**Exercise prompt:** Repeat exactly, and only, the lines of the entries below from the one with "Bathroom featuring a" through the one with "Nestled on a", both ends included.

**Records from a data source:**
------------------------------------------------

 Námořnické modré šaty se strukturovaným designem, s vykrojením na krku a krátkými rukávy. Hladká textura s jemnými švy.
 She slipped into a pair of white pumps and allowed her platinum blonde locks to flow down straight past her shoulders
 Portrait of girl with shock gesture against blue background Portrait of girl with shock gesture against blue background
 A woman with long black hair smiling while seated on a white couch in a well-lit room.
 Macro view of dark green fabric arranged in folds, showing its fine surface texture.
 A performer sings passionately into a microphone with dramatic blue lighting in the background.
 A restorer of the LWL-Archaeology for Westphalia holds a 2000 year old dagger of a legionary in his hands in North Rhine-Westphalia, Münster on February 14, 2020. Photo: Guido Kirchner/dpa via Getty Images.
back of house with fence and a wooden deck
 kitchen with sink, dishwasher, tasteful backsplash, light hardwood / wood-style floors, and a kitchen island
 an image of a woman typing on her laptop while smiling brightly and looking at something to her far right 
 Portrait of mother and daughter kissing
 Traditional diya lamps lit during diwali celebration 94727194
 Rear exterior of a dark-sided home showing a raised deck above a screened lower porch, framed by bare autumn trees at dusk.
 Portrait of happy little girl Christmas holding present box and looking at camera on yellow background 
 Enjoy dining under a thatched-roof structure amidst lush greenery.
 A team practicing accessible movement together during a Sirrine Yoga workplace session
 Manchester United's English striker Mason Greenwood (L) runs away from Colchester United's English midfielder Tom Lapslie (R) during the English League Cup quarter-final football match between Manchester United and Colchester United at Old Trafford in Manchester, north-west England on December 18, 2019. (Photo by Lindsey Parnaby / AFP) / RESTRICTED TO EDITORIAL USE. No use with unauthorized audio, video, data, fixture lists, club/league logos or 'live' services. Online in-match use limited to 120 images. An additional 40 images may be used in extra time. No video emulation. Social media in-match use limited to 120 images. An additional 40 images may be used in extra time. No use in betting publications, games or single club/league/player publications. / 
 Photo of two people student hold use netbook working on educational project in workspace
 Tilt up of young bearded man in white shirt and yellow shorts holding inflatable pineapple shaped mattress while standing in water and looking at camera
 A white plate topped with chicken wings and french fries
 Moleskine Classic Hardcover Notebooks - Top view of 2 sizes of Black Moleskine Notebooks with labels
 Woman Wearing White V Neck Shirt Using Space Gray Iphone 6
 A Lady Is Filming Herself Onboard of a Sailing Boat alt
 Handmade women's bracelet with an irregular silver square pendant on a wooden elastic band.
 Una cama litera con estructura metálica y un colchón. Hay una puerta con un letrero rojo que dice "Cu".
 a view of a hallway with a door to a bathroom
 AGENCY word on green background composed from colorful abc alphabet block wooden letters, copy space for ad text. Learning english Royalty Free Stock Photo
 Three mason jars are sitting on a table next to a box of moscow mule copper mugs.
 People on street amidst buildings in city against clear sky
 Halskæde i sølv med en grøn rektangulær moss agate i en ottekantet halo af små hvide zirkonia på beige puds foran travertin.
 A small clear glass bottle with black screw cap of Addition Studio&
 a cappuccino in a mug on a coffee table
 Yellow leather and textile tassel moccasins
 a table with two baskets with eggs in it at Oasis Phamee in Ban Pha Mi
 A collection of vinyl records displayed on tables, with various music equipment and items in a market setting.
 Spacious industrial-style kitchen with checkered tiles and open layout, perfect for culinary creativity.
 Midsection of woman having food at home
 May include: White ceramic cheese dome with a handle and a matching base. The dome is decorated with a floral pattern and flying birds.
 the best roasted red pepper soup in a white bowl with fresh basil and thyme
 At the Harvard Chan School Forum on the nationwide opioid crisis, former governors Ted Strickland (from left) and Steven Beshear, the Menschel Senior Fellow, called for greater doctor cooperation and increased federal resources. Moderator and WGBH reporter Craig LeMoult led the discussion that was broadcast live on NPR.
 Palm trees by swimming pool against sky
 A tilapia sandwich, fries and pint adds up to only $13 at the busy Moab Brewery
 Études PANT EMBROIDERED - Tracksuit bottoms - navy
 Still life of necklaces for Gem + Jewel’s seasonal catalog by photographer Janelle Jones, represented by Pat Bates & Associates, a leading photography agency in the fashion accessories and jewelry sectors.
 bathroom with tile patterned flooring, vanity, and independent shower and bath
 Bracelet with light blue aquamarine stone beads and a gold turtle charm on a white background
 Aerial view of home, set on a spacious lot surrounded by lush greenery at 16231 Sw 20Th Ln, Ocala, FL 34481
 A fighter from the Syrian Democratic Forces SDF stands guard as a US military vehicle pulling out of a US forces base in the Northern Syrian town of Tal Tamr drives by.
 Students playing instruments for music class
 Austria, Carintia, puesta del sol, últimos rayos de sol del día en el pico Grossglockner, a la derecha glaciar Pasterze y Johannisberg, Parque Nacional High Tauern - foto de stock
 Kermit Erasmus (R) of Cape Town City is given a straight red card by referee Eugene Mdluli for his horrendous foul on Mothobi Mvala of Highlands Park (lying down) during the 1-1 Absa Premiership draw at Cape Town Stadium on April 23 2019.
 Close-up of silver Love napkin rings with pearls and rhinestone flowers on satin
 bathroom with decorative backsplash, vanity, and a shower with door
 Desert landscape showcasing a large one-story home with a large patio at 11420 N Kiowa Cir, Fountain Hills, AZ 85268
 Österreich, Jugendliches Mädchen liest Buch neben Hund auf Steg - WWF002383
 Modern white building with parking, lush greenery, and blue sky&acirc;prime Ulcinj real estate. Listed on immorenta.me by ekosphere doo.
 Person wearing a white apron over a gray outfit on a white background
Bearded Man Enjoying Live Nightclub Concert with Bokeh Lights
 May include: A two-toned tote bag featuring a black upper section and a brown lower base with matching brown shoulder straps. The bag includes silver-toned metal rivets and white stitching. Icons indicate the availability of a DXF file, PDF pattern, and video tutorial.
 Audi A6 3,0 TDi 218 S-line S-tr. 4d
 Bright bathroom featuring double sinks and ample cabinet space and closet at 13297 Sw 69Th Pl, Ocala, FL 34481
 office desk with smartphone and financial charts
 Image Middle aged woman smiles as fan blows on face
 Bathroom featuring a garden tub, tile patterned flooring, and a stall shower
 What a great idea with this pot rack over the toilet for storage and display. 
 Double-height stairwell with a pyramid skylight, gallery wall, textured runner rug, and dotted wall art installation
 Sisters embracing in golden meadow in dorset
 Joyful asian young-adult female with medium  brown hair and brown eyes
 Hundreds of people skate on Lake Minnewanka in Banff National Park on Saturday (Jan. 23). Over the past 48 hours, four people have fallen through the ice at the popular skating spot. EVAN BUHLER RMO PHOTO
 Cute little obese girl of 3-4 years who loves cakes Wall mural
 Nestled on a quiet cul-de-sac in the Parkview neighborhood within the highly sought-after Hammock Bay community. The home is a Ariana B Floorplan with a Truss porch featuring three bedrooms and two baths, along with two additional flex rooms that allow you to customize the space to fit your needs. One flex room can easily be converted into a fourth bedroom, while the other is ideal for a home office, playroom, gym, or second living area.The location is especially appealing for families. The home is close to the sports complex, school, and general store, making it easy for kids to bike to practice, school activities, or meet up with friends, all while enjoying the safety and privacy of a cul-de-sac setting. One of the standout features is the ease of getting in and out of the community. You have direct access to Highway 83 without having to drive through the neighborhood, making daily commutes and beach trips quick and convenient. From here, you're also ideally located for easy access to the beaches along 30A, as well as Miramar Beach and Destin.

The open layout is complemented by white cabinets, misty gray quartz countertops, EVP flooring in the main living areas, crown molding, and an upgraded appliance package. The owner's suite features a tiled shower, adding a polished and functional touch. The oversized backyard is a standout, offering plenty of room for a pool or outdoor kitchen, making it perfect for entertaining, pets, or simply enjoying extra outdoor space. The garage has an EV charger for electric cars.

------------------------------------------------

**Output of the exercise:**
 Bathroom featuring a garden tub, tile patterned flooring, and a stall shower
 What a great idea with this pot rack over the toilet for storage and display. 
 Double-height stairwell with a pyramid skylight, gallery wall, textured runner rug, and dotted wall art installation
 Sisters embracing in golden meadow in dorset
 Joyful asian young-adult female with medium  brown hair and brown eyes
 Hundreds of people skate on Lake Minnewanka in Banff National Park on Saturday (Jan. 23). Over the past 48 hours, four people have fallen through the ice at the popular skating spot. EVAN BUHLER RMO PHOTO
 Cute little obese girl of 3-4 years who loves cakes Wall mural
 Nestled on a quiet cul-de-sac in the Parkview neighborhood within the highly sought-after Hammock Bay community. The home is a Ariana B Floorplan with a Truss porch featuring three bedrooms and two baths, along with two additional flex rooms that allow you to customize the space to fit your needs. One flex room can easily be converted into a fourth bedroom, while the other is ideal for a home office, playroom, gym, or second living area.The location is especially appealing for families. The home is close to the sports complex, school, and general store, making it easy for kids to bike to practice, school activities, or meet up with friends, all while enjoying the safety and privacy of a cul-de-sac setting. One of the standout features is the ease of getting in and out of the community. You have direct access to Highway 83 without having to drive through the neighborhood, making daily commutes and beach trips quick and convenient. From here, you're also ideally located for easy access to the beaches along 30A, as well as Miramar Beach and Destin.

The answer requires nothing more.